=== EXTRACTED DATA ===
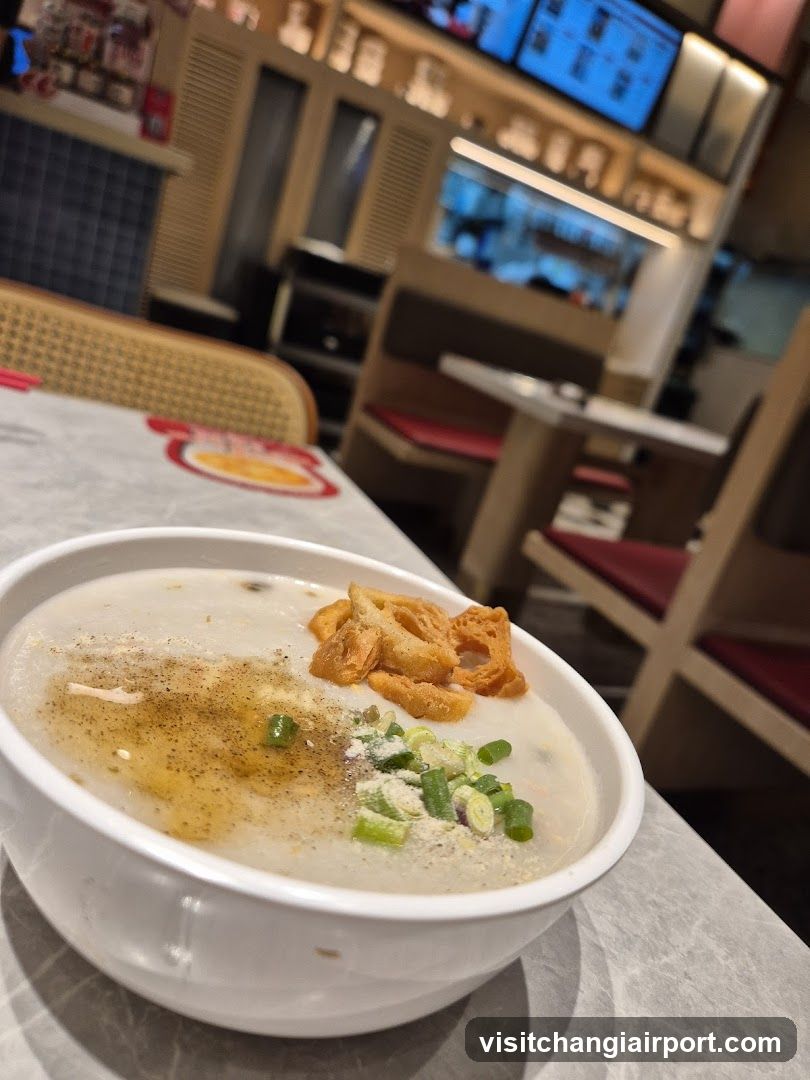 Bowl of creamy soup with toppings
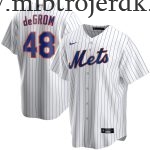 Mænd New York Mets MLB Trøjer Jacob deGrom  Hvid Hjemme Player Name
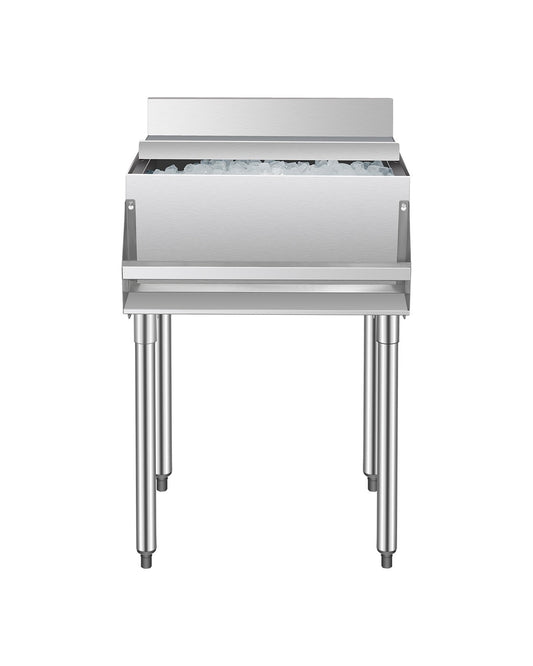 Commercial Ice Bin 61.6L Wonderful Ice Bin with Sliding Lid for Kitchen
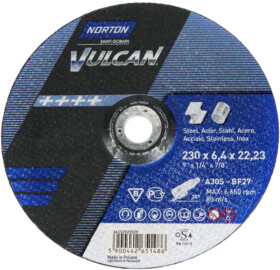 Круг зачисний NORTON Vulcan 70V705 230 мм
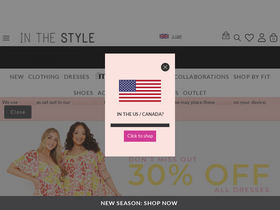 'inthestyle.com' screenshot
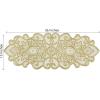 COTTON CRAFT Christmas Beaded Table Runner – Poinsettia – Xmas Holiday Harvest Autumn Fall Thanksgiving Celebration Festive Party Handmade Kitchen Dining Tabletop Décor Tablerunner – 13×36 – Red Green(Gold)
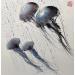 Peinture Jelly fish dance1 par De Giorgi Mauro | Tableau Art Singulier Animaux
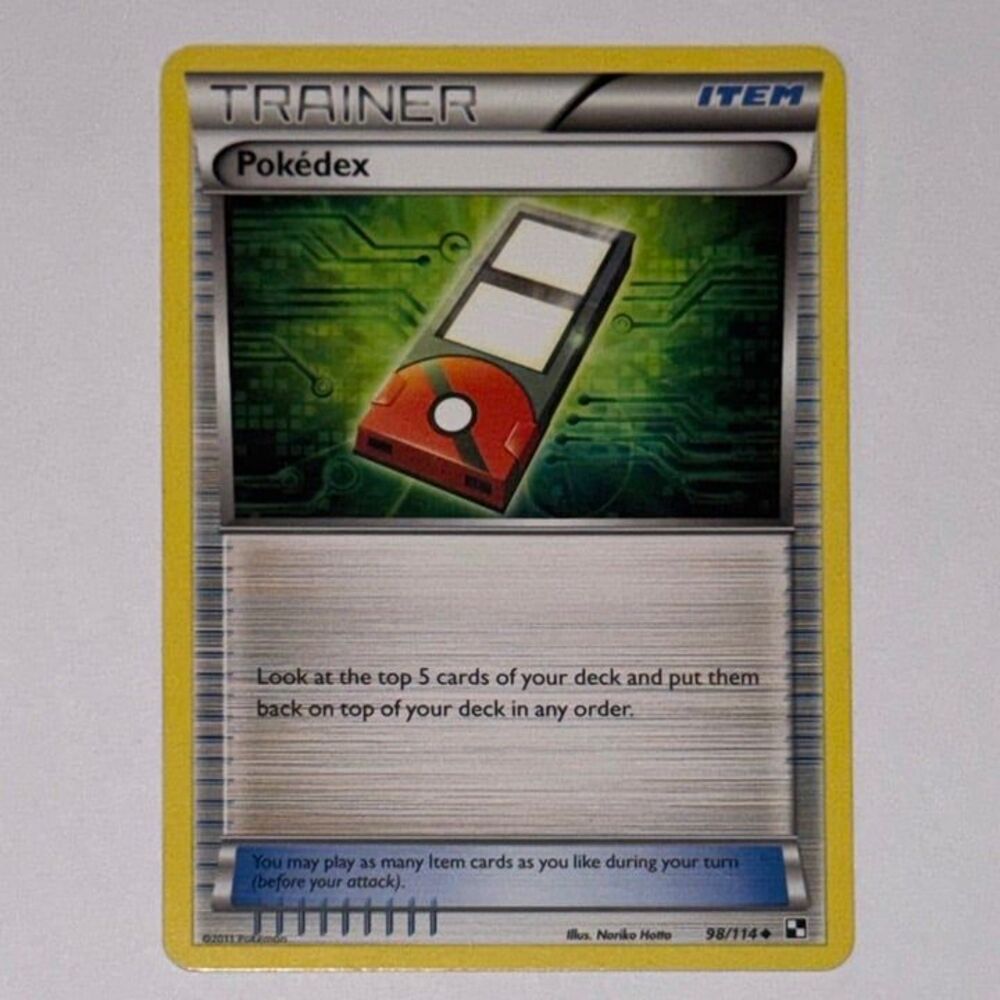 POKEMON CARD: Pokedex #98/114 (Pokemon Black & White)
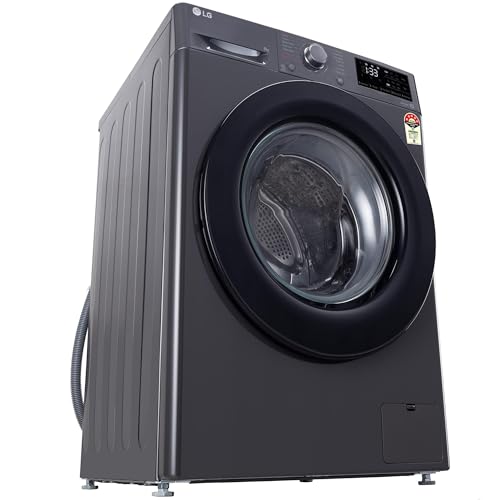 LG 8 Kg, 5 Star, AI Direct Drive Technology, Steam & 6 Motion DD Fully-Automatic Front Load Washing Machine (FHP1208Z3M, Intelligent & Convenient Fabric Care, Allergy Care, Middle Black)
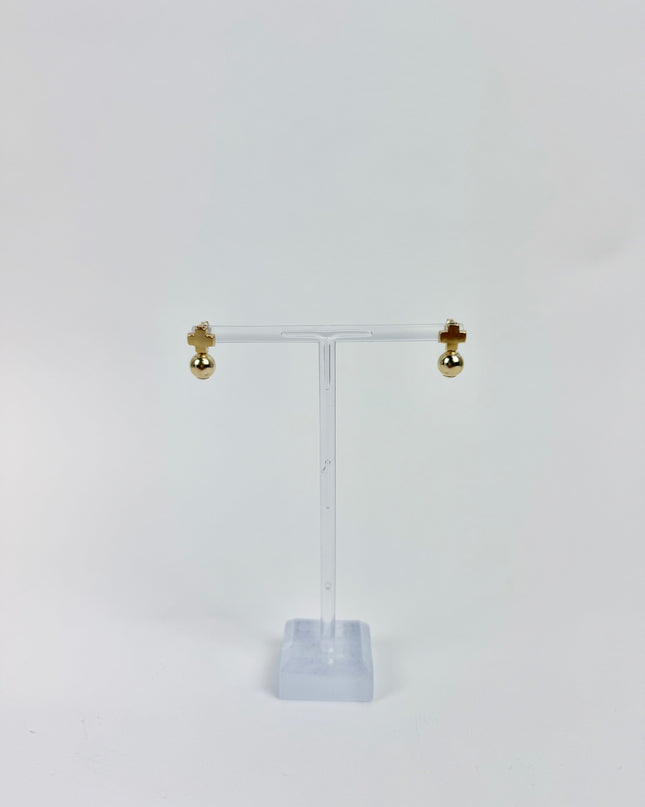 Enewton Signature Cross Classic Gold Stud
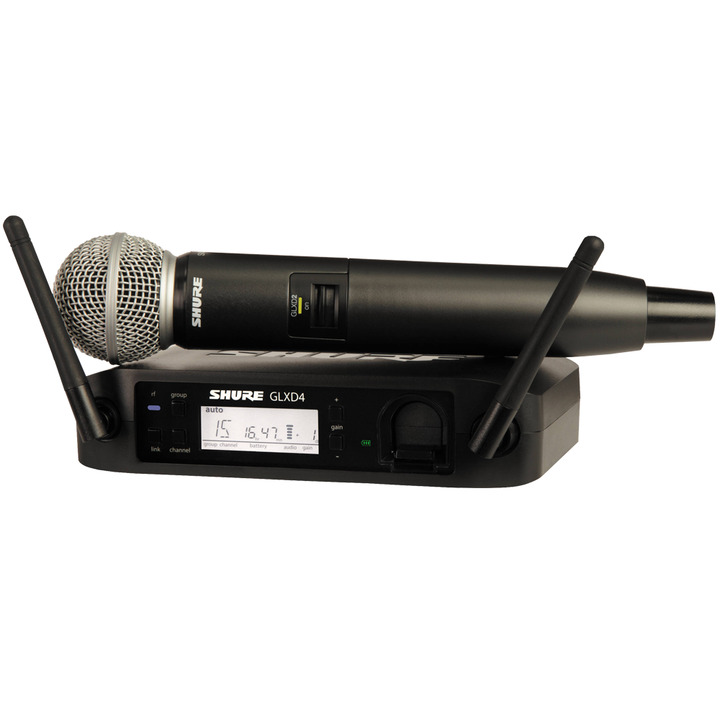 Shure GLXD24/B58 Digital Wireless Vocal System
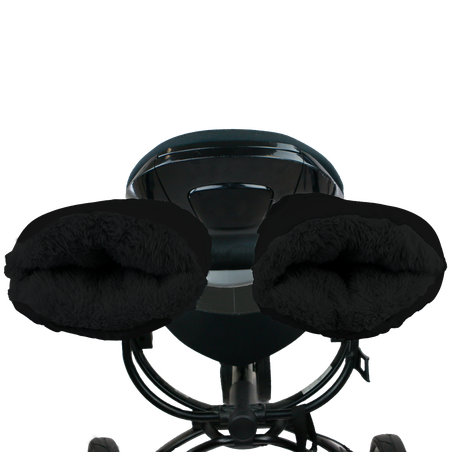 7AM - Mufki do wózka Black Plush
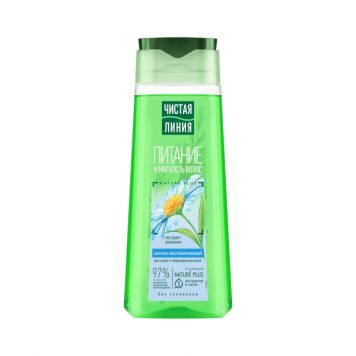 Чистая линия Шампунь 250 мл. Ромашка  д/сух. и повр. волос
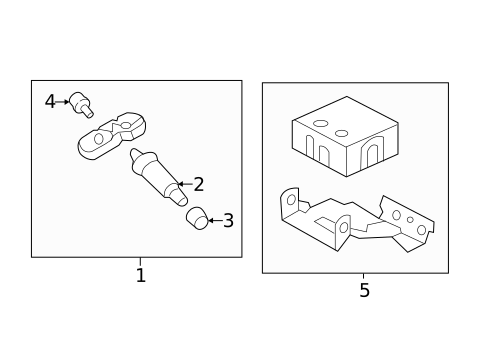 Tire Pressure Monitor Components for 2014 Hyundai Veloster #0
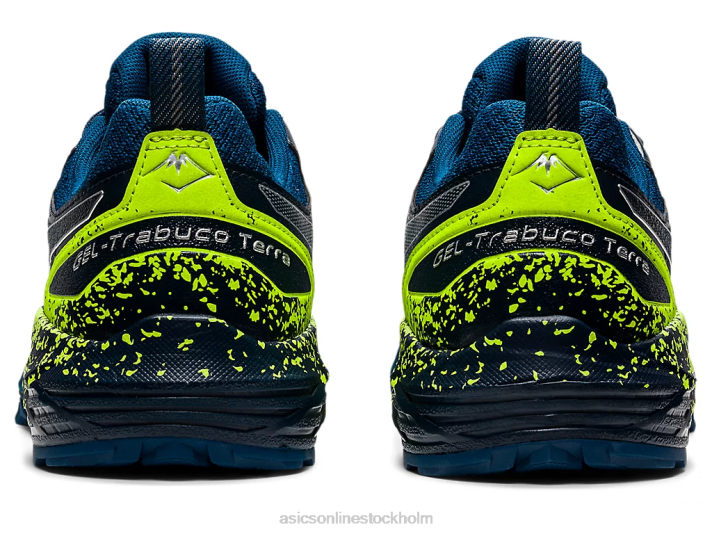 Asics gel-trabuco terra män D6D01586 mako blå/rent silver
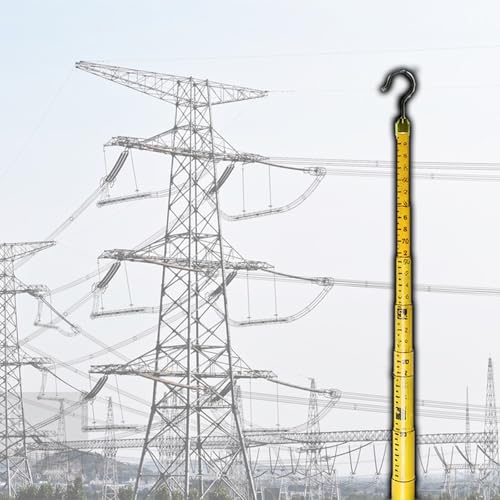 Hochspannungs-Messstab Harzisolierter Höhenmessstab Für Umspannwerke, Strommessstab-Lineal, Türme/Telekommunikationstürme, Hochspannungsmesswerkzeug(Yellow,15m/49.2ft) von LZMZMQ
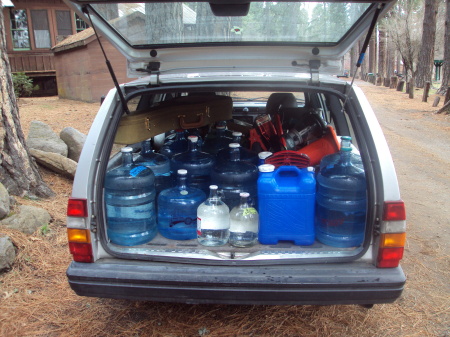 Spring Hill  Mnt Shasta City Park water run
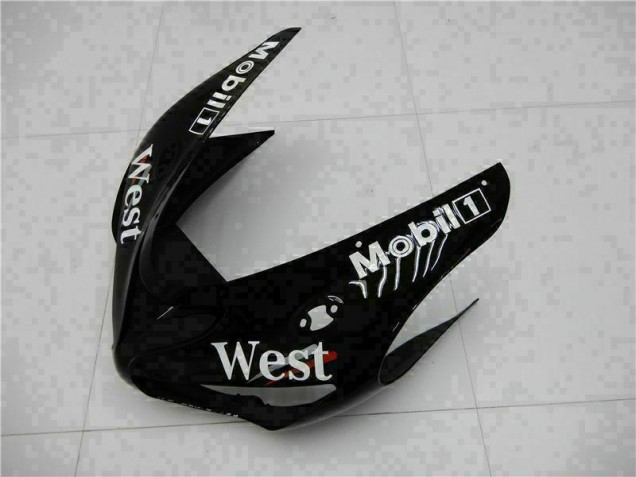 Schwarz 05-06 Kawasaki ZX6R Motorrad Verkleidung Komplett Sets Schwarz 05-06 Kawasaki ZX6R Motorrad Verkleidung Komplett Sets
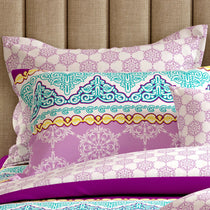 LAVENDER DREAM Xara 8 Pcs King Reversible Quilt Cover Set Bedsheet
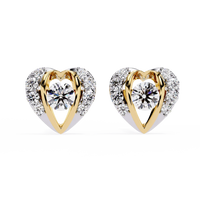 Amore Heart Diamond Pave Drop Earrings
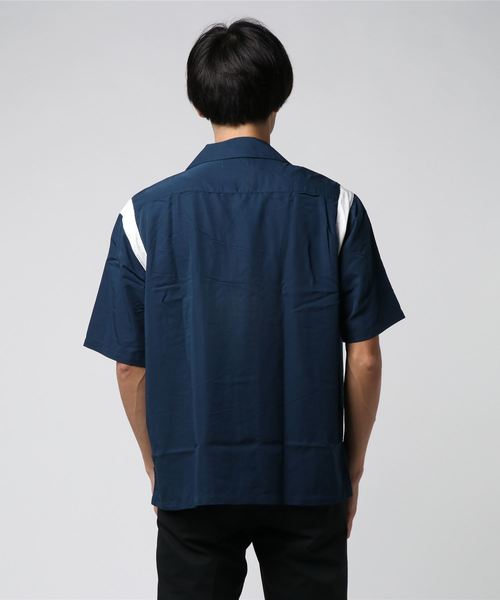 WEGO(ウィゴー)の「WEGO/フィブリルボーリングシャツ(シャツ/ブラウス・メンズ・ホワイト/ブラック/グリーン/ピンク/ネイビー・MEDIUM/LARGE)」の9枚目の写真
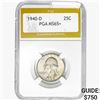 Image 1 : 1940-D Washington Silver Quarter PGA MS65+
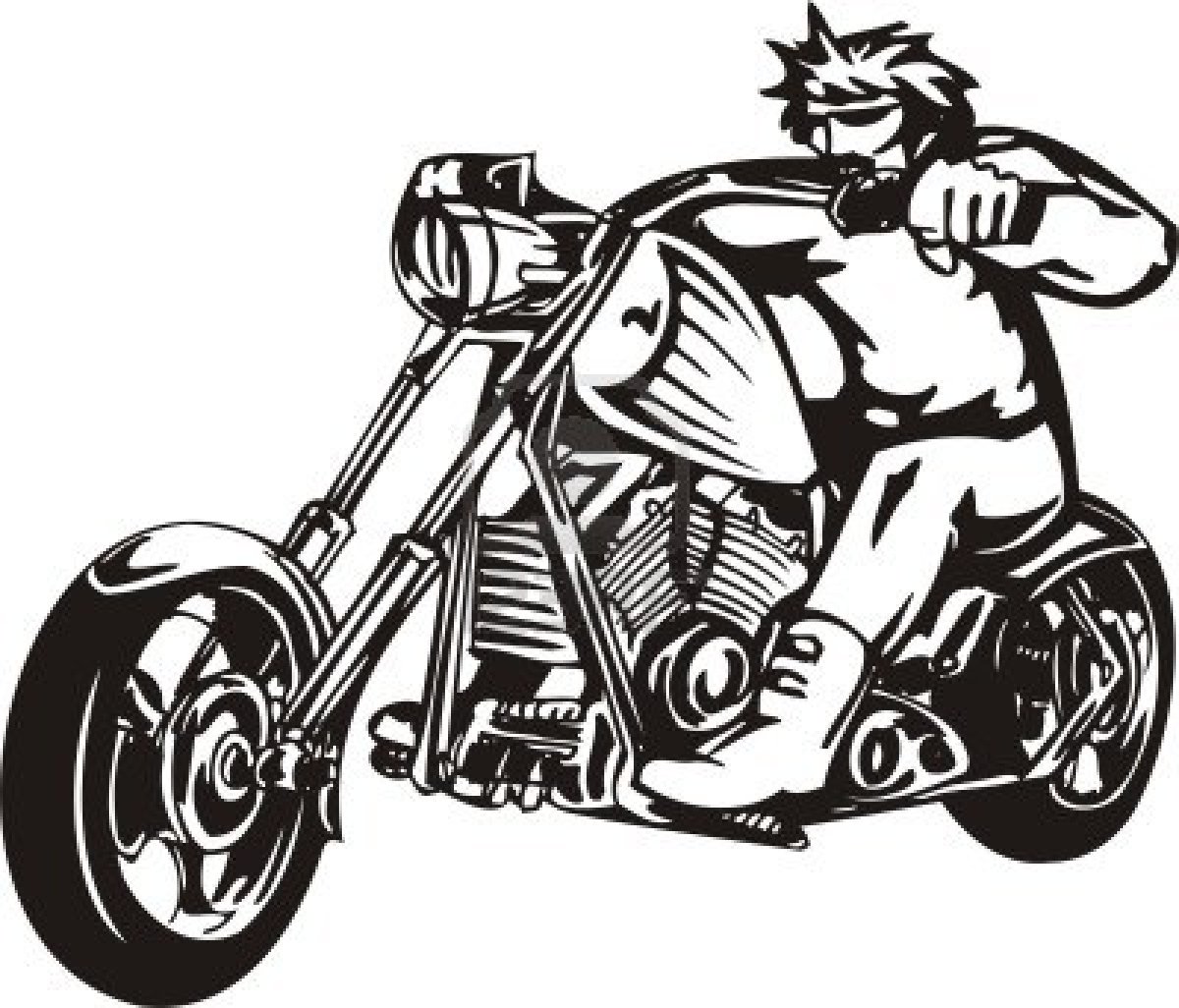 Motorcycle Black And White Harley Davidson Motorcycle Clip Art Cliparts And Wikiclipart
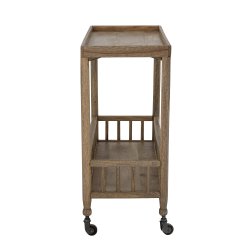 Bloomingville - Sali konsolbord p hjul Mango tr L:102 H:82 B:38cm.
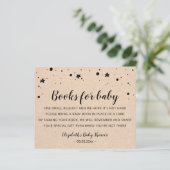 ベビーカードテンプレートベビーシャワーパーティー用の本 (スタンド正面)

=== YOUR TASK ===
Only the text of the material belongs in your copy, which must match the original exactly.

=== EXERCISE SOLUTION ===
 Bowl of creamy soup with toppings
 Mænd New York Mets MLB Trøjer Jacob deGrom  Hvid Hjemme Player Name
 Commercial Ice Bin 61.6L Wonderful Ice Bin with Sliding Lid for Kitchen
 Круг зачисний NORTON Vulcan 70V705 230 мм
 'inthestyle.com' screenshot
 COTTON CRAFT Christmas Beaded Table Runner – Poinsettia – Xmas Holiday Harvest Autumn Fall Thanksgiving Celebration Festive Party Handmade Kitchen Dining Tabletop Décor Tablerunner – 13×36 – Red Green(Gold)
 Peinture Jelly fish dance1 par De Giorgi Mauro | Tableau Art Singulier Animaux
 POKEMON CARD: Pokedex #98/114 (Pokemon Black & White)
 LG 8 Kg, 5 Star, AI Direct Drive Technology, Steam & 6 Motion DD Fully-Automatic Front Load Washing Machine (FHP1208Z3M, Intelligent & Convenient Fabric Care, Allergy Care, Middle Black)
 Enewton Signature Cross Classic Gold Stud
 Shure GLXD24/B58 Digital Wireless Vocal System
 7AM - Mufki do wózka Black Plush
 Чистая линия Шампунь 250 мл. Ромашка  д/сух. и повр. волос
 Tire Pressure Monitor Components for 2014 Hyundai Veloster #0
 Asics gel-trabuco terra män D6D01586 mako blå/rent silver
 Hochspannungs-Messstab Harzisolierter Höhenmessstab Für Umspannwerke, Strommessstab-Lineal, Türme/Telekommunikationstürme, Hochspannungsmesswerkzeug(Yellow,15m/49.2ft) von LZMZMQ
 Spring Hill  Mnt Shasta City Park water run
 Schwarz 05-06 Kawasaki ZX6R Motorrad Verkleidung Komplett Sets Schwarz 05-06 Kawasaki ZX6R Motorrad Verkleidung Komplett Sets
 LAVENDER DREAM Xara 8 Pcs King Reversible Quilt Cover Set Bedsheet
 Amore Heart Diamond Pave Drop Earrings
 WEGO(ウィゴー)の「WEGO/フィブリルボーリングシャツ(シャツ/ブラウス・メンズ・ホワイト/ブラック/グリーン/ピンク/ネイビー・MEDIUM/LARGE)」の9枚目の写真
 Image 1 : 1940-D Washington Silver Quarter PGA MS65+
 Motorcycle Black And White Harley Davidson Motorcycle Clip Art Cliparts And Wikiclipart
 Bloomingville - Sali konsolbord p hjul Mango tr L:102 H:82 B:38cm.
 ベビーカードテンプレートベビーシャワーパーティー用の本 (スタンド正面)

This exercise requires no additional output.